Estes passaram um tempo em silencio, ouvindo toda aquela cena de penúria e a dança mórbida da alma de um homem em pânico. Não podiam dizer nada, a não ser ouvir e sentir a mesma dor que envolvia todo o ambiente.
Lamenta Jó. Você está só, doente, pobre e seus filhos estão todos mortos. Não há mais nenhum sinal de que voltará ao momento do teu nascimento, nem de ser acalentado pelos braços seguros da sua mãe e do seu pai.
Lamenta Jó. Tudo que você viveu até agora não faz mais sentido, pois não há sequer alguém com quem compartilhar sua dor. Ninguém vai ouvir todo seu gemido no meio da madrugada, pois todos estarão dormindo tranquilos.
Lamenta Jó. A vida passou e você não tem mais o que conquistou e que foi motivo de tanto orgulho. Nem mesmo aquilo que você usava para ajudar vai estar disponível para você ignorar seu sofrimento, vendo o de outra pessoa.
Lamenta Jó. Você chegou nu nesse mundo e agora parece que está mais desnudo do que nunca. Nem mesmo sua pele você tem mais para lhe proteger e cobrir a vergonha das feridas que ardem todo o tempo.
Lamenta Jó. Você não tem mais os braços da sua mãe, que lhe seguraram durante aquele momento alegre que você está amaldiçoando. A voz segura do seu pai não está mais por perto para dizer o que fazer e para não ter medo.
Lamenta Jó. Com tudo isso que está passando na sua vida, não faz sentido chorar mais, nem ter fé que algo vai mudar. Acabou pior do que você poderia imaginar e ninguém vai se compadecer de você. Ninguém se importa.

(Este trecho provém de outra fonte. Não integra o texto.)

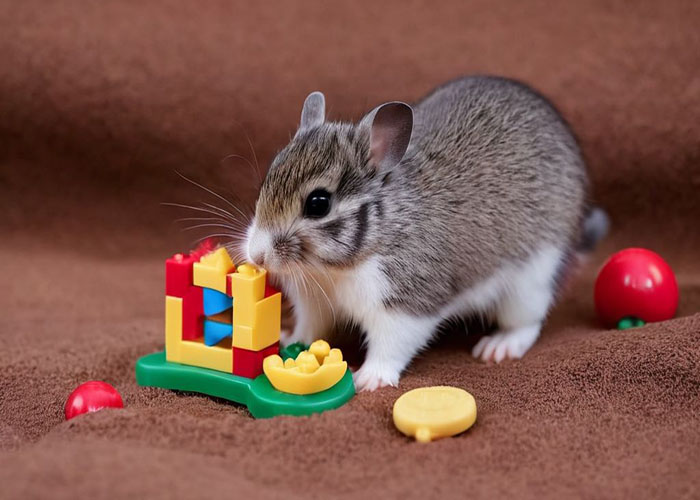 Fun and Engaging Toys for Small Animals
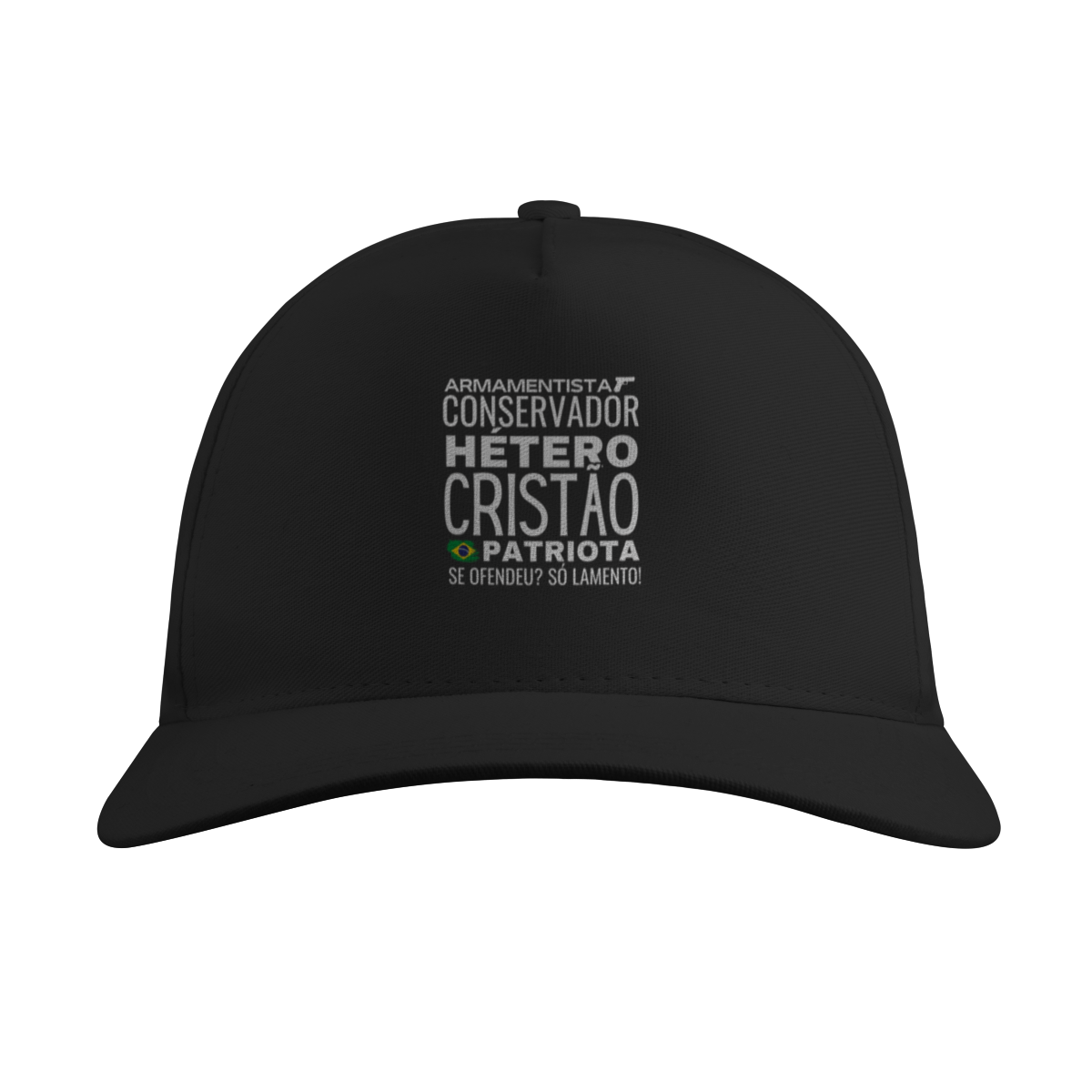 Boné do CONSERVADOR
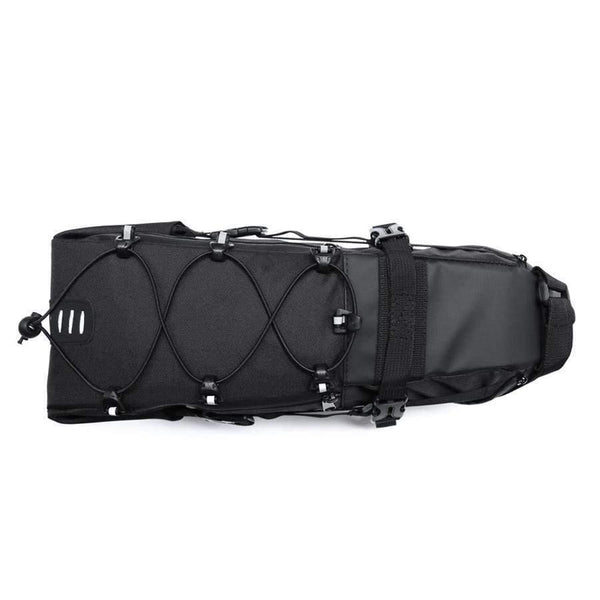 Planet Gates Bike Bag Bicycle Saddle Bag Pannier Cycle Cycling mtb Bike Seat Bag Bags Accessories 2018 8-10L Waterproof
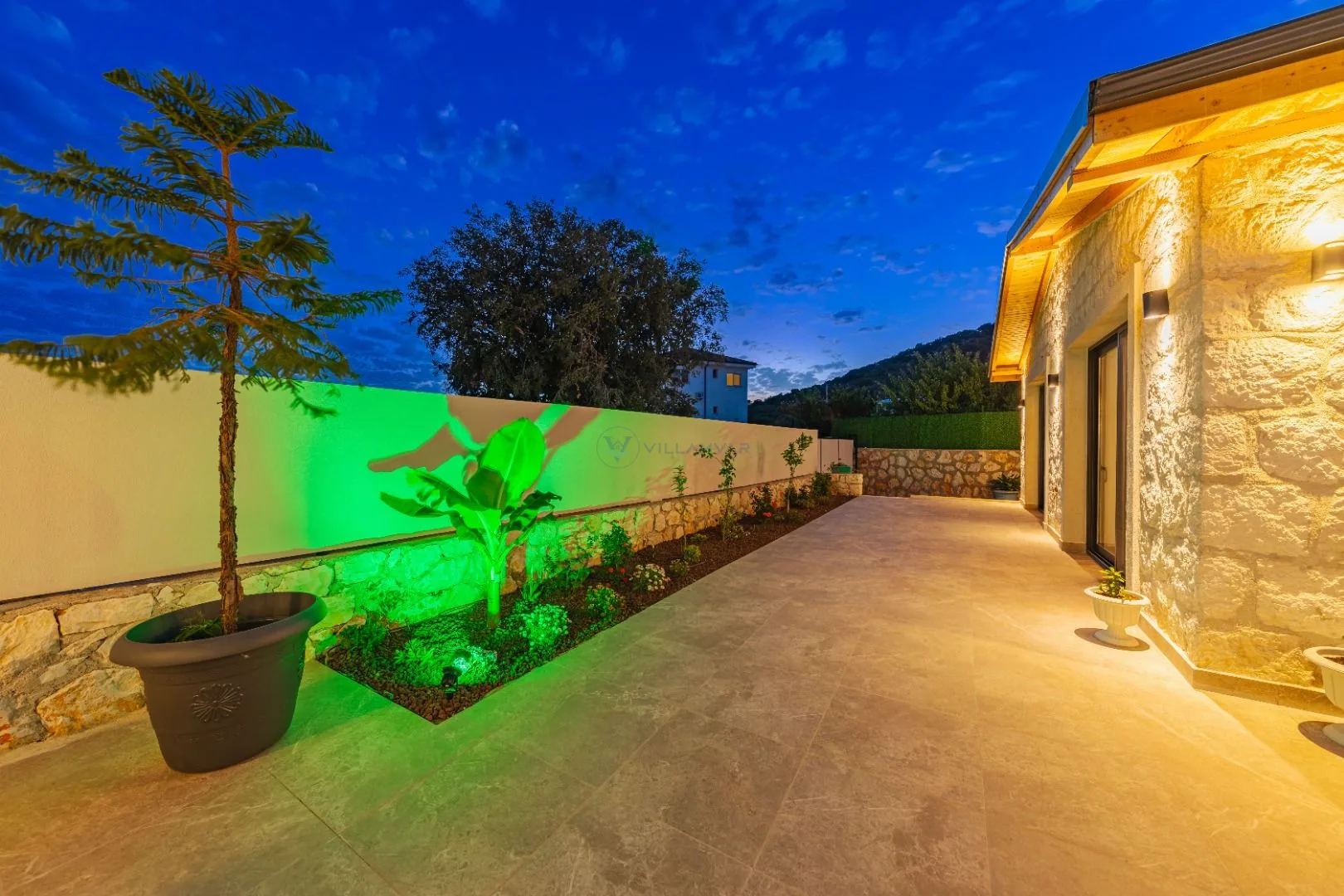 Villa Yıldızlı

Lamenta Jó. Não há para onde ir a não ser para a escuridão da sua cova. Abandona tudo e deixa que a vida termine o que começou a despedaçar. Não há mais nada para você por aqui, então esquece seu Deus e morre.
Levanta Jó. Eu ainda estou aqui e chorei com você em cada lágrima que derramou e toda vez que por mim clamou, para que a dor acabasse. Nunca desisti de você e nunca vou desistir, pois EU SOU tudo que você precisa.
Levanta Jó. Farei um novo começo em sua vida. Lembra do dia em que nasceu e que esse dia seja novamente celebrado com muita alegria. Não mudarei nada, mas EU QUERO e farei tudo novo. Você não está só.
Levanta Jó. Ergue os seus braços em adoração, pois tudo que você perdeu, eu lhe darei mais. Farei com que incontáveis pessoas sejam inspiradas pela sua história e pelo que EU POSSO fazer e farei em sua vida. Não acabou.